If you’re like me and enjoy puttering around outdoors cutting grass, weeding flowerbeds, trimming shrubbery and working in the vegetable garden, you’ve probably noticed that the days are getting cooler and shorter. Fall is here and the cold days of winter can’t be far behind.

When I look around my little space, I’m reminded of how little time I have left to do the things I wanted to get done when summer began.

Farm families of three-quarters of a century ago experienced the same urgency to make the most of the last days of summer. Harvest time brought on a bundle of jobs that had to be done in a hurry. Cotton had to be picked and ginned, corn had to be pulled and stored in the crib, hay had to be cut and stored in the barn loft, sorghum cane had to be stripped, cut, squeezed and cooked, peanuts had to be ploughed up, shook and shocked and sweet potatoes had to be removed from the ground and stored under a hill of pine straw and dirt.

By necessity, farm kids shared a big part of the workload. Shortly after returning to school the day after Labor Day, they were let out for cotton picking vacation. For two long weeks they were busy in cotton fields from sunup to sundown every day except Sunday. The grind of harvest work didn’t end there.

On school days, me and my brothers and sisters had instructions to report for work when we got home.

We’d jump into our work clothes, grab a baked sweet potato, buttered biscuit or teacake and head to the field. When we could no longer see to work, we’d hurry home and continue with our assigned everyday chores, which included feeding and watering the chickens and livestock, milking two cows and fetching wood for the cook stove.

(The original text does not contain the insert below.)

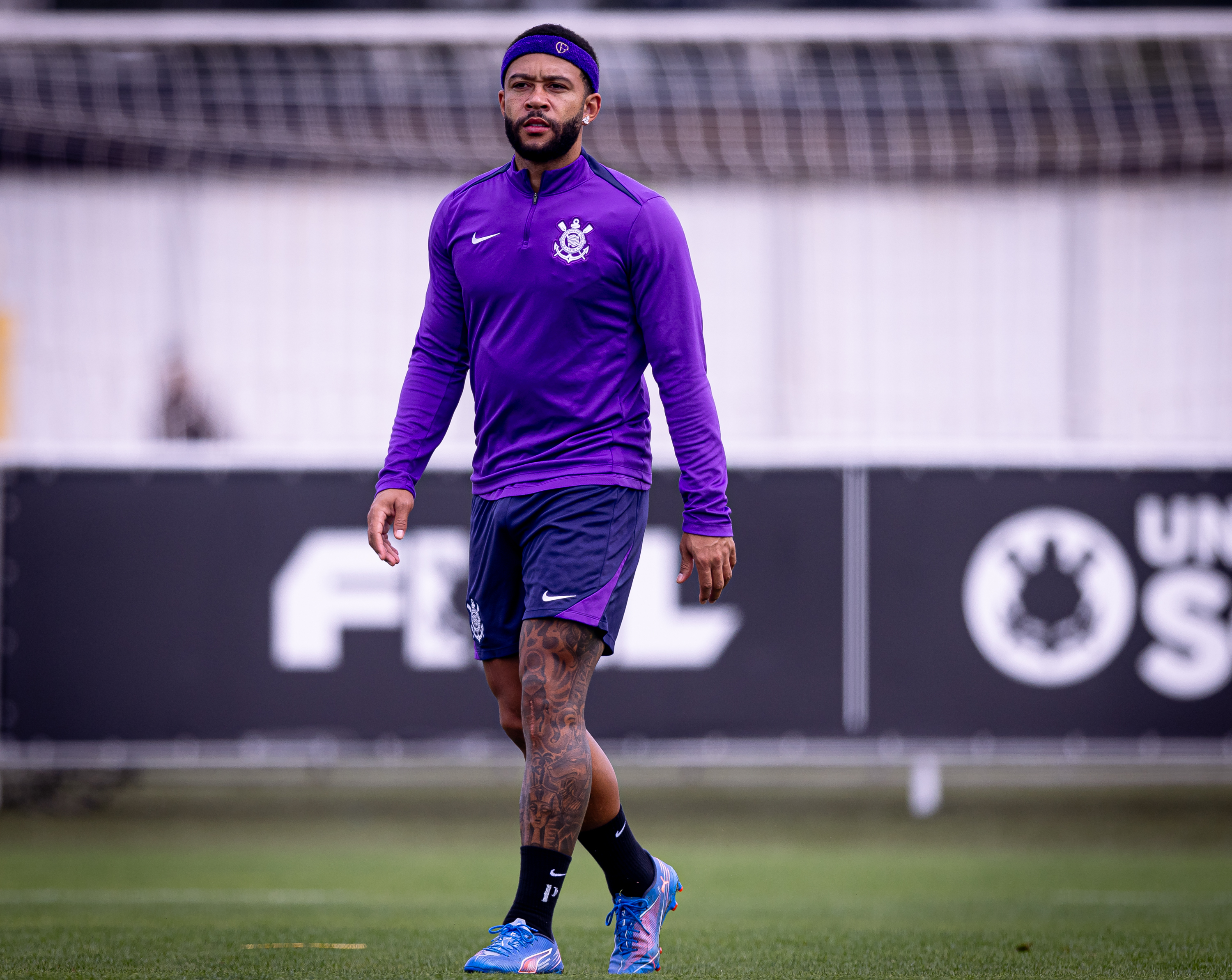 Memphis publica vídeo de corrida e mostra evolução na recuperação no Corinthians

We also found many fun things to do in our free time. We roamed the woods and filled our stomachs with ripe Muscadines, wild grapes and persimmons, hunted squirrels, rabbits and quail and played hide-and-seek in the hayloft on rainy days. We even got a kick out of doing crazy things like squashing maypops with our bare feet, skipping rocks on the surface of a pond or hiding out and smoking rabbit tobacco.

What we dreaded the most about the last days of summer was having to trade in our thick-soled bare feet for a pair of shoes. We refused to accept the inevitable until our bare feet began sticking to the metal floorboard while boarding the school bus.